Yes. So, first of all, we really can't comment, I think, after the NDA is submitted. And we have discussions with the FDA; we'll know better how the FDA views it. But what's very important to us is we will take the path that gets Fovista on the market as soon as possible, whatever that path is, to be able to allow physicians to treat their patients with this devastating disease.

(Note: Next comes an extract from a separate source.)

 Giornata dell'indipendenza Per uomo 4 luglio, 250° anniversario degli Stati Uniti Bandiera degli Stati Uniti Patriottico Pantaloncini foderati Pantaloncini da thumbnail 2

So that's an important part of whether we amend or supplement, is -- would be that discussion with the regulatory authorities after submitting the NDA on to how they look at it. We obviously want a path that keeps our PDUFA date as early as possible and that doesn't reset the clock. So we would likely take the philosophy that whatever keeps that early approval possible, we would go that way. How they will look at it, it's always -- you have to wait until you have the negotiation.

So, the important point, though, I think, overall is we will take whatever path it is to get Fovista on the market as soon as possible. I really can't comment on the EU regulatory strategy yet. Ophthotech is still working with Novartis on that strategy, and in the future we will talk more about that.

Okay, thanks for taking my question.

(Operator Instructions) Anupam Rama, JPMorgan.

This is Eric in for Anupam this morning. Just wondering if you could give us a bit more color on where you are with your coformulation work with Tivozanib and perhaps maybe expand on how you are weighing the relative advantages of moving forward with Tivo versus a prefilled syringe approach with Novartis. Thanks.

It's Samir. Thanks for your question.

So, we continue to develop the Tivozanib, and we are certainly moving forward, pleased with the progress to date, but really don't have anything to disclose in, actually, the coformulation or drug delivery. I will say, though, that we've done some preclinical work with Tivozanib and are encouraged by it and hope to present some of that work through the investigator who's done some of that work, from Harvard, at the investor day.

Great, thanks.

We have no further questions. And I would now like to turn the conference back over to David Guyer for any additional or closing remarks.

Great. I just want to thank everyone for your time this morning and for your continued support. Thanks again.

And this concludes today's conference. Thanks for your participation. You may now disconnect.